AUTHOR=Zhou Yingjian , Xu Wenchao , Zeng Yan , Li Hao , Liu Zhuo , Wang Tao , Liu Jihong , Jiang Hongyang TITLE=Global research trends of the application of artificial intelligence in bladder cancer since the 21st century: a bibliometric analysis JOURNAL=Frontiers in Oncology VOLUME=13 YEAR=2023 URL=https://www.frontiersin.org/journals/oncology/articles/10.3389/fonc.2023.1227152 DOI=10.3389/fonc.2023.1227152 ISSN=2234-943X ABSTRACT=Introduction

Since the significant breakthroughs in artificial intelligence (AI) algorithms, the application of AI in bladder cancer has rapidly expanded. AI can be used in all aspects of the bladder cancer field, including diagnosis, treatment and prognosis prediction. Nowadays, these technologies have an excellent medical auxiliary effect and are in explosive development, which has aroused the intense interest of researchers.
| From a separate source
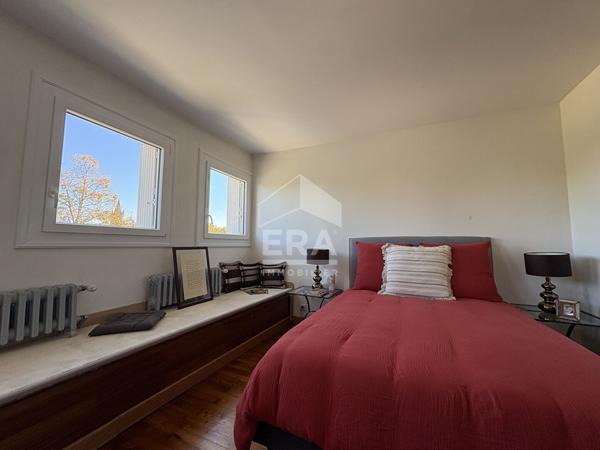 Saintes - Face aux Arènes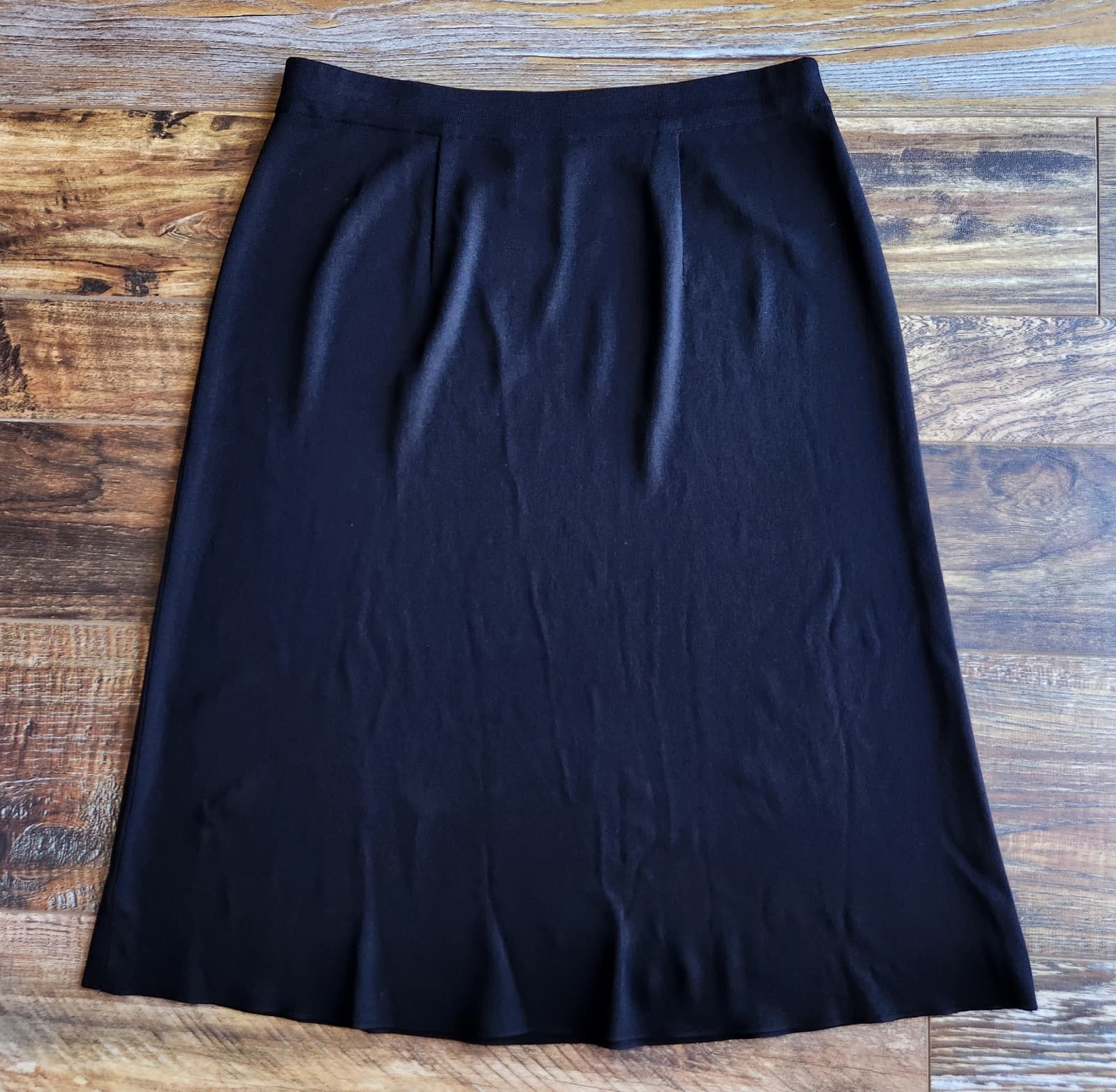 Exclusively Misook Jersey Knit A-Line Skirt Elastic Waist Knee Length Black Sz.M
This study will provide an in-depth analysis using bibliometric analysis to explore the trends in this field.

Method

Documents regarding the application of AI in bladder cancer from 2000 to 2022 were searched and extracted from the Web of Science Core Collection. These publications were analyzed by bibliometric analysis software (CiteSpace, Vosviewer) to visualize the relationship between countries/regions, institutions, journals, authors, references, keywords.

Results

We analyzed a total of 2368 publications. Since 2016, the number of publications in the field of AI in bladder cancer has increased rapidly and reached a breathtaking annual growth rate of 43.98% in 2019. The U.S. has the largest research scale, the highest study level and the most significant financial support. The University of North Carolina is the institution with the highest level of research. EUROPEAN UROLOGY is the most influential journal with an impact factor of 24.267 and a total citation of 11,848. Wiklund P. has the highest number of publications, and Menon M. has the highest number of total citations. We also find hot research topics within the area through references and keywords analysis, which include two main parts: AI models for the diagnosis and prediction of bladder cancer and novel robotic-assisted surgery for bladder cancer radicalization and urinary diversion.

Conclusion

AI application in bladder cancer is widely studied worldwide and has shown an explosive growth trend since the 21st century. AI-based diagnostic and predictive models will be the next protagonists in this field. Meanwhile, the robot-assisted surgery is still a hot topic and it is worth exploring the application of AI in it. The advancement and application of algorithms will be a massive driving force in this field.